[MATERIALS PROVIDED]:

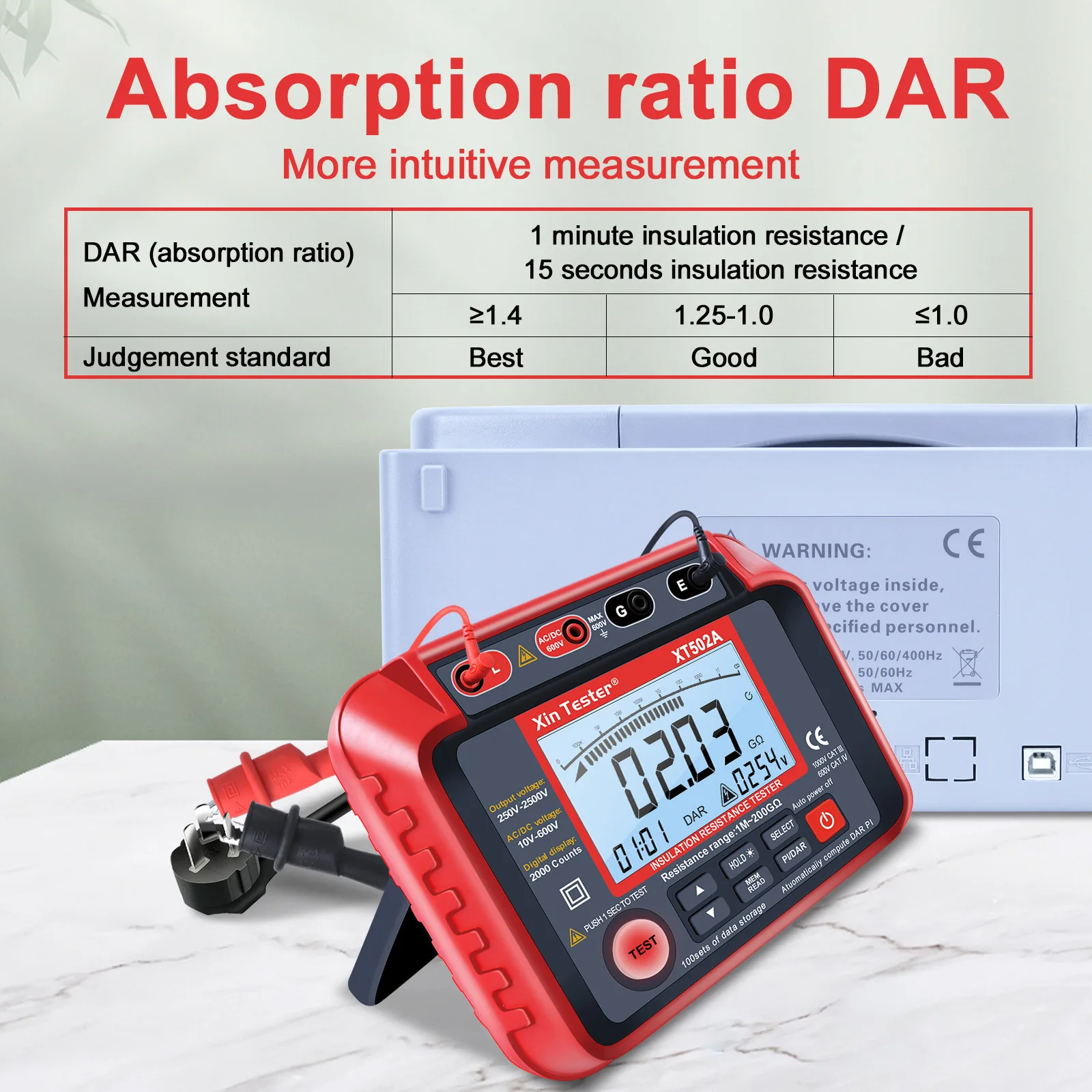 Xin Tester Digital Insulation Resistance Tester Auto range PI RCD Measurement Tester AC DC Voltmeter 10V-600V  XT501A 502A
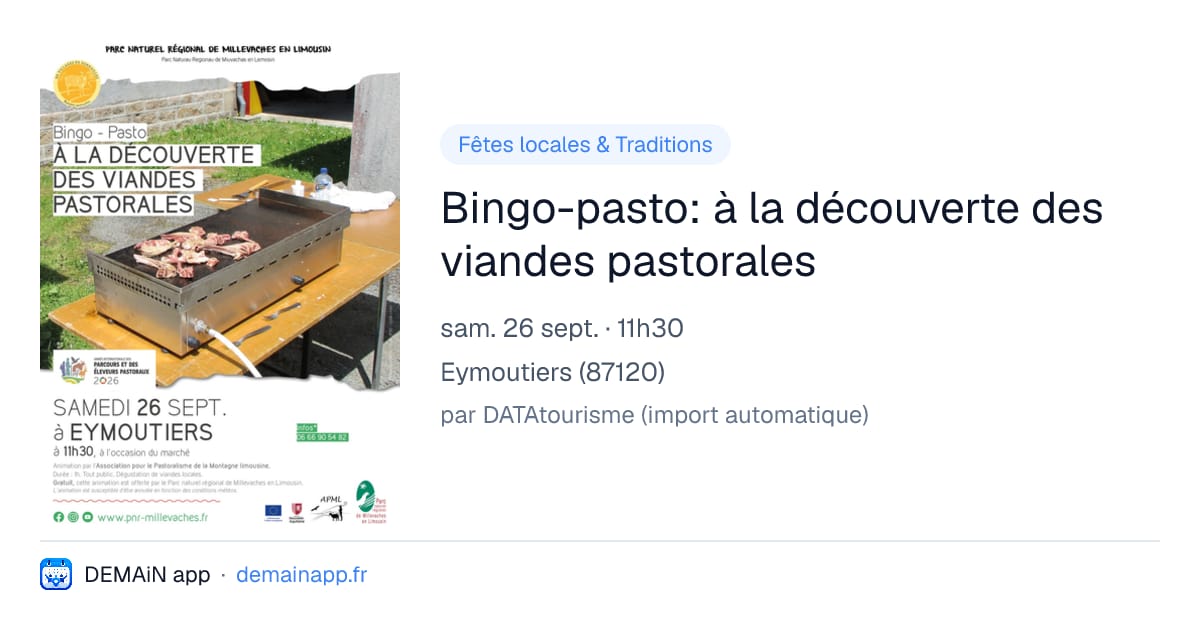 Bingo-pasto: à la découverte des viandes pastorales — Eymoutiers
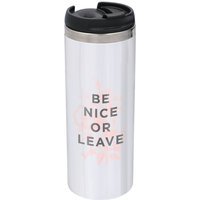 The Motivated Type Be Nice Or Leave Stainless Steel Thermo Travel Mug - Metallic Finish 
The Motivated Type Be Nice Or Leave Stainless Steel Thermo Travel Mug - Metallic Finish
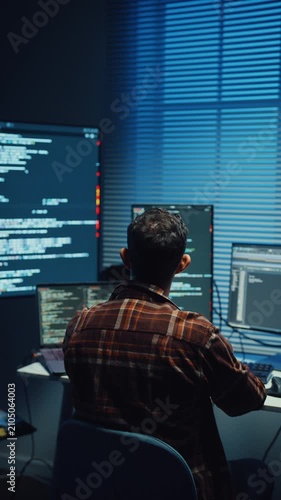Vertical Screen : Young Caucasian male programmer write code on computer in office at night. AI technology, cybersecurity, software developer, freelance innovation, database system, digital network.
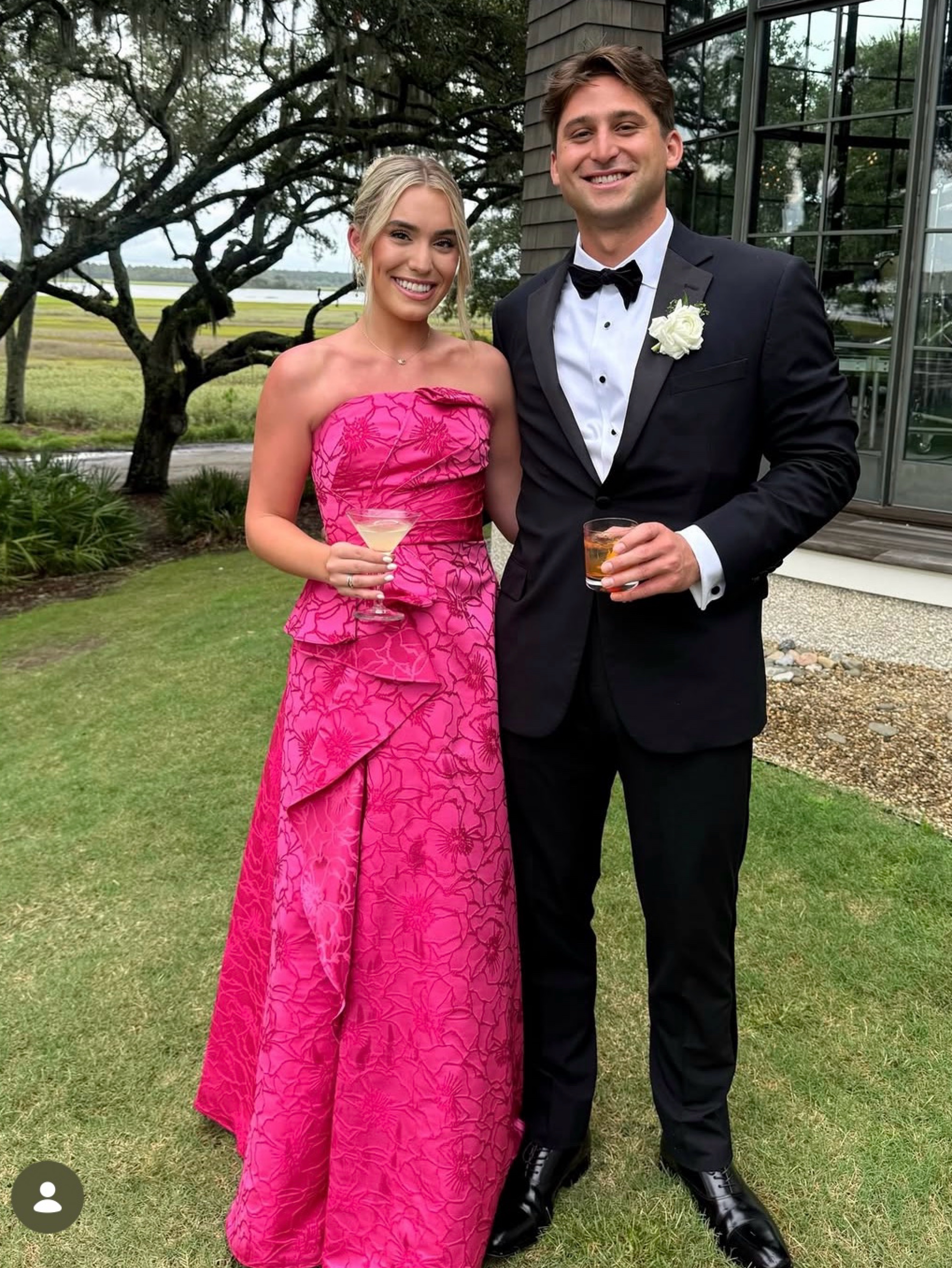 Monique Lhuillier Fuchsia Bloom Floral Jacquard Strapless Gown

--

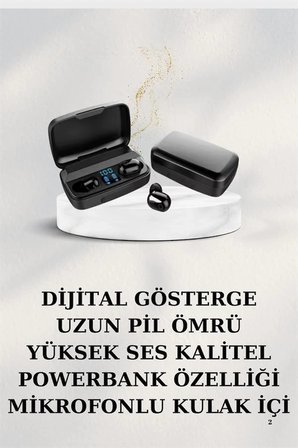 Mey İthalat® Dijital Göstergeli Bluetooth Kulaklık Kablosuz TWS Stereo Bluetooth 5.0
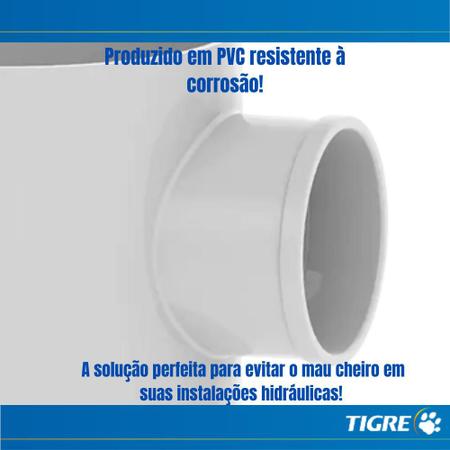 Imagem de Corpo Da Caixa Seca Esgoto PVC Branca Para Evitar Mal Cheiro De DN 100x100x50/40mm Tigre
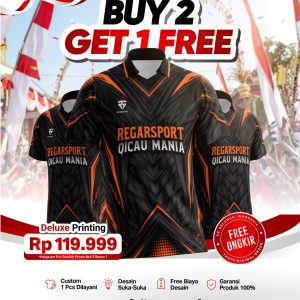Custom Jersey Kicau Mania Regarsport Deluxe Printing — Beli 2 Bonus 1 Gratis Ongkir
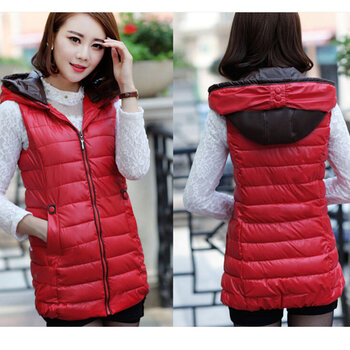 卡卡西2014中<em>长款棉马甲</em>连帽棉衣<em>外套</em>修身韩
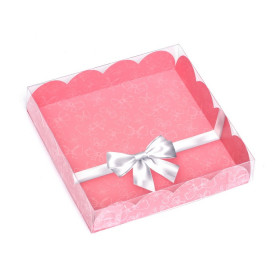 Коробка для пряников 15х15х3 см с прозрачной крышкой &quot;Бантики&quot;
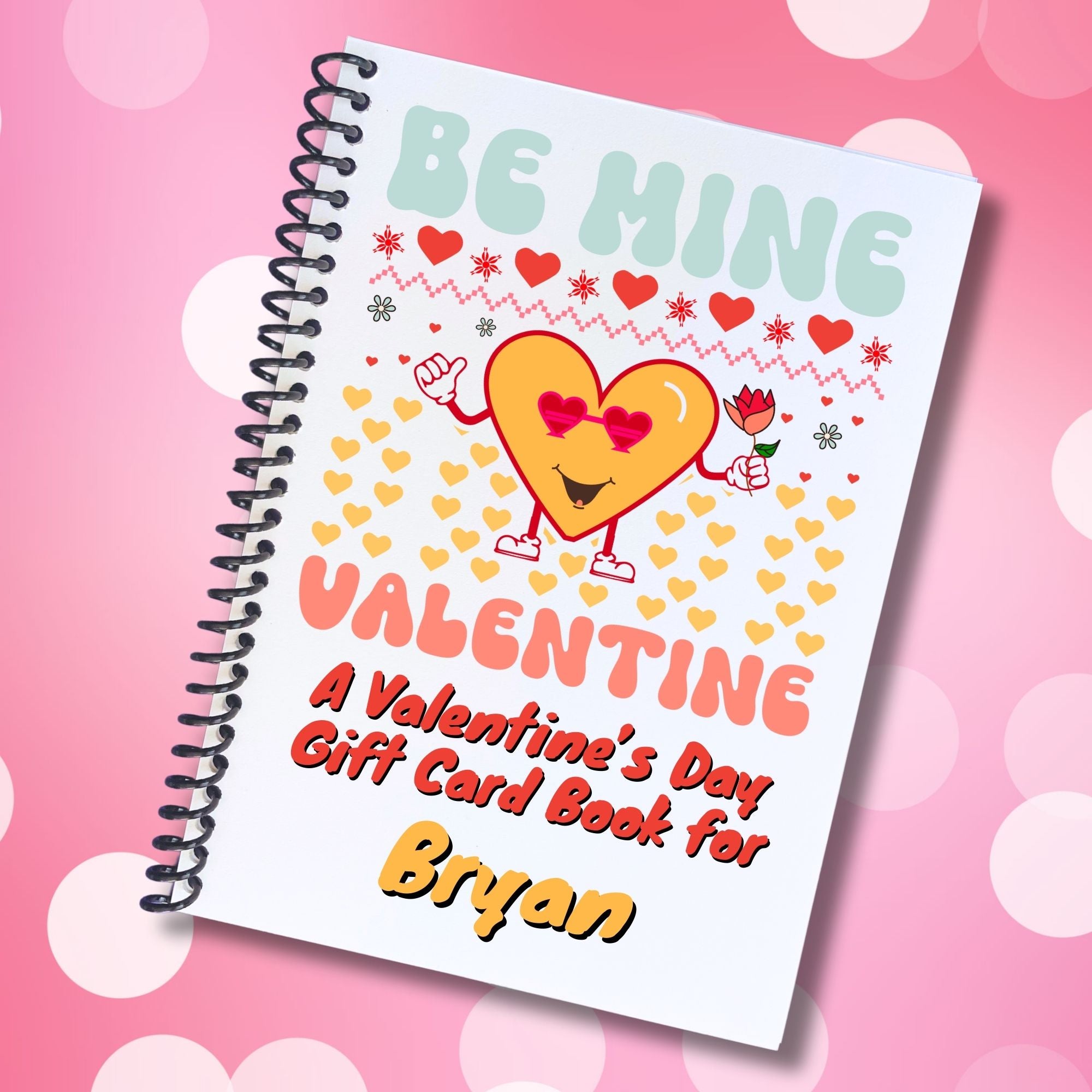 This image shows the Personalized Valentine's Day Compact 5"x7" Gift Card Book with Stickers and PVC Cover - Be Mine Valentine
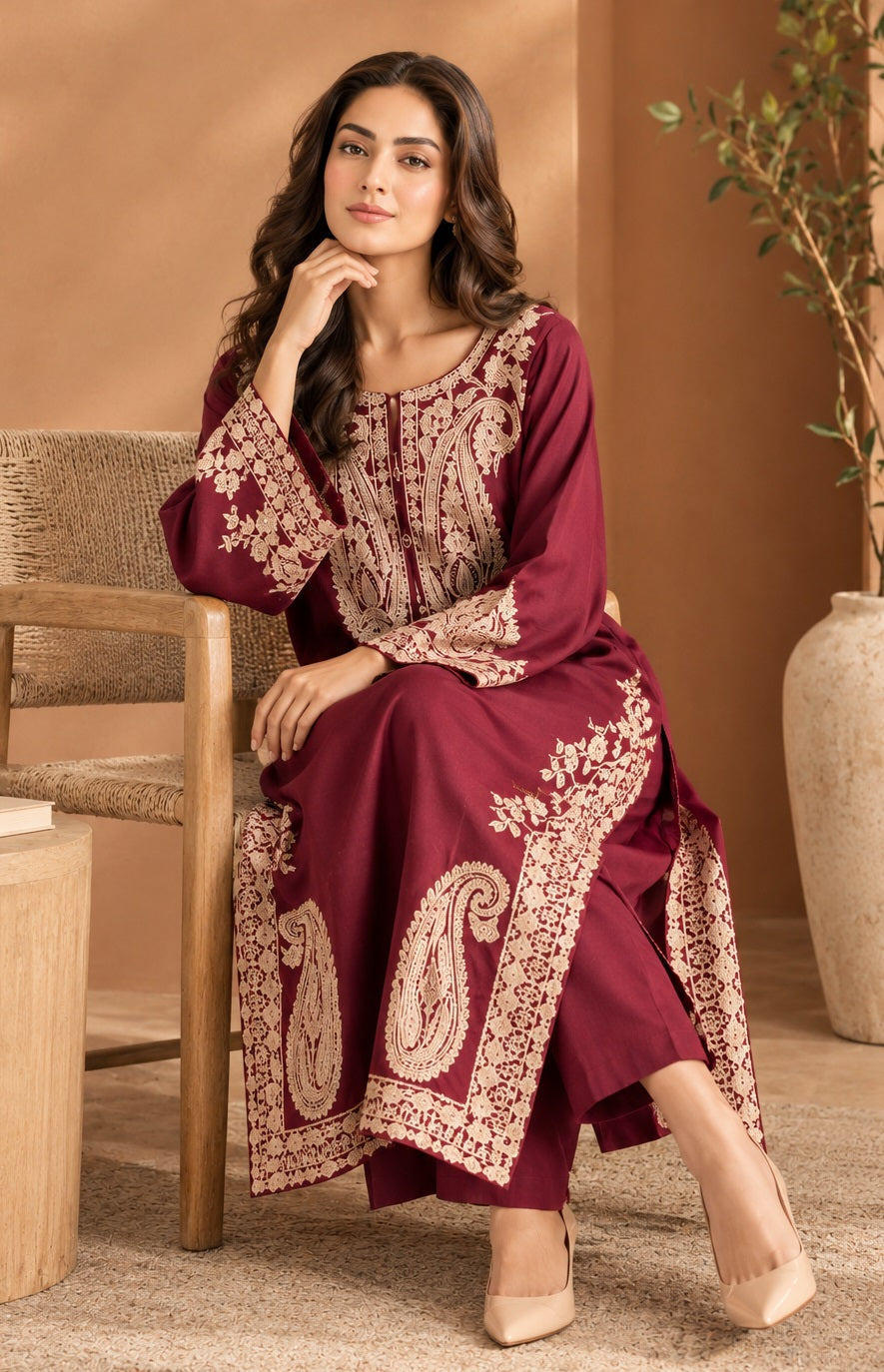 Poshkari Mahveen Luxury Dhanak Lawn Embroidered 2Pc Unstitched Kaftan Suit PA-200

--

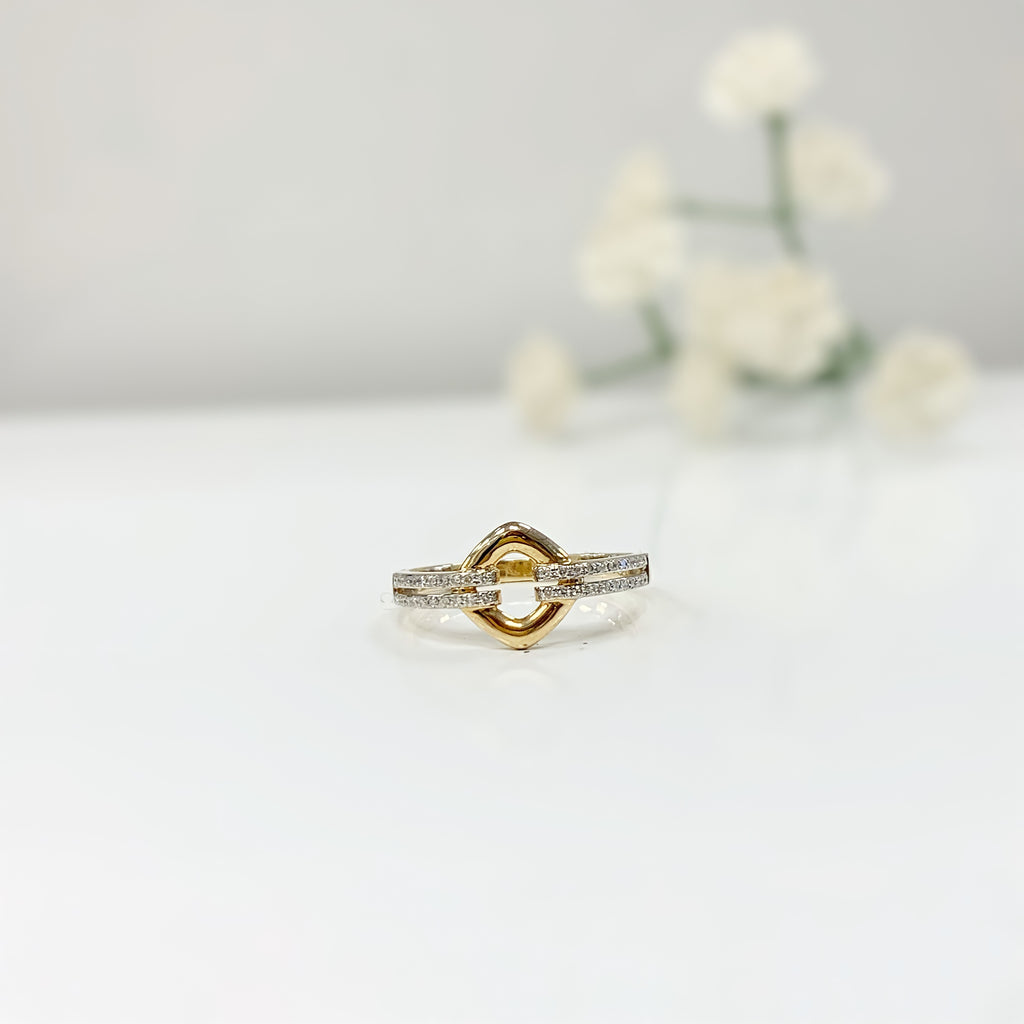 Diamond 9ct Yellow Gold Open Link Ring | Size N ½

[YOUR TASK]: The stretch above running from the line with "卡卡西2014中<em>长款" through the line with "Poshkari Mahveen Luxury" is all you should copy, exactly, leaving out the pictures.

[YOUR SOLUTION]:
 卡卡西2014中<em>长款棉马甲</em>连帽棉衣<em>外套</em>修身韩
 Коробка для пряников 15х15х3 см с прозрачной крышкой &quot;Бантики&quot;
 This image shows the Personalized Valentine's Day Compact 5"x7" Gift Card Book with Stickers and PVC Cover - Be Mine Valentine
 Poshkari Mahveen Luxury Dhanak Lawn Embroidered 2Pc Unstitched Kaftan Suit PA-200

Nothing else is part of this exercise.